| TASK ITEM |
Beneath this task are the entries; from the line with "The Power of" through the last one, transcribe every line exactly and nothing else, skipping pictures.

| DATA SHOWN |
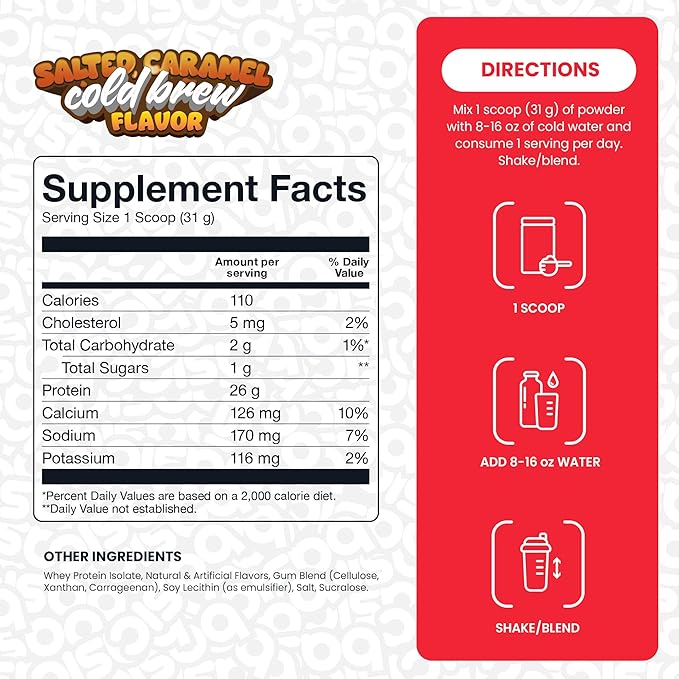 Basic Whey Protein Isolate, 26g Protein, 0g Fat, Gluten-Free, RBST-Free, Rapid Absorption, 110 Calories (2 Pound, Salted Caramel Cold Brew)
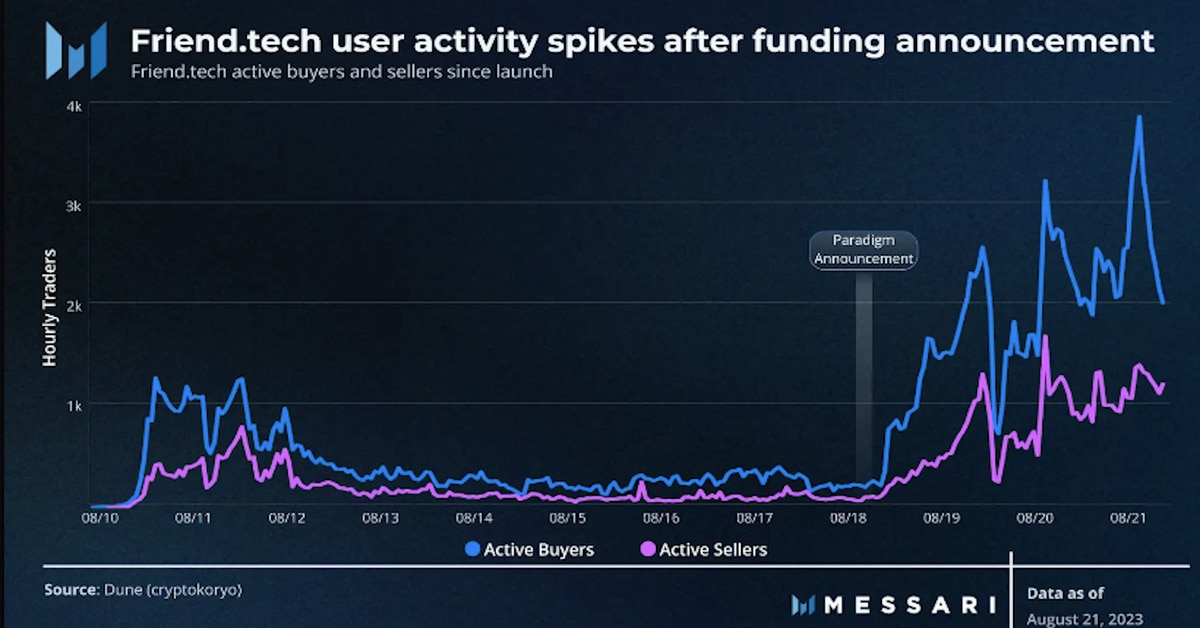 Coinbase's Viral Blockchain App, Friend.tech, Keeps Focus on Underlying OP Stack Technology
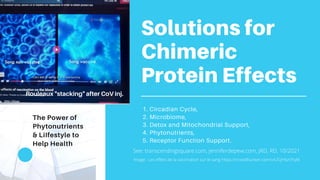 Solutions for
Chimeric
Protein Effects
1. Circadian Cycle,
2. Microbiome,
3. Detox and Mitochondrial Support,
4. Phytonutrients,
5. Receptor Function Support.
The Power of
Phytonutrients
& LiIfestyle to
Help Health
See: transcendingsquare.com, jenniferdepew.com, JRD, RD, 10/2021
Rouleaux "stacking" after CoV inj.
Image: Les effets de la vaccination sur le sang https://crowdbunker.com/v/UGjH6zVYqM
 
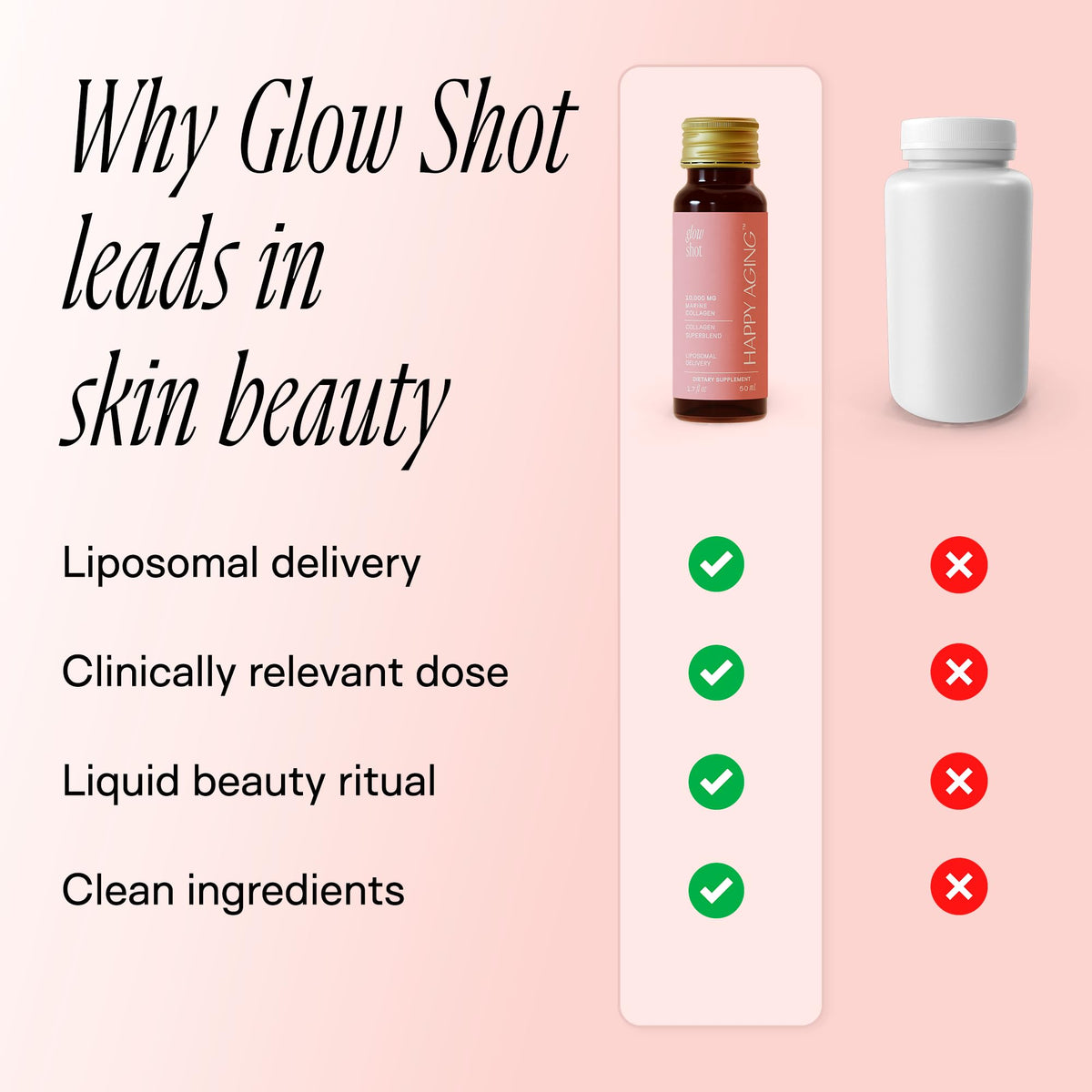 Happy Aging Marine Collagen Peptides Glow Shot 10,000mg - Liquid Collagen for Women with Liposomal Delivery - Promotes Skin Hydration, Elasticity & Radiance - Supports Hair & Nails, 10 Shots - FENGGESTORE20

| SOLVED EXERCISE |
The Power of
Phytonutrients
& LiIfestyle to
Help Health
See: transcendingsquare.com, jenniferdepew.com, JRD, RD, 10/2021
Rouleaux "stacking" after CoV inj.
Image: Les effets de la vaccination sur le sang https://crowdbunker.com/v/UGjH6zVYqM
 
 Happy Aging Marine Collagen Peptides Glow Shot 10,000mg - Liquid Collagen for Women with Liposomal Delivery - Promotes Skin Hydration, Elasticity & Radiance - Supports Hair & Nails, 10 Shots - FENGGESTORE20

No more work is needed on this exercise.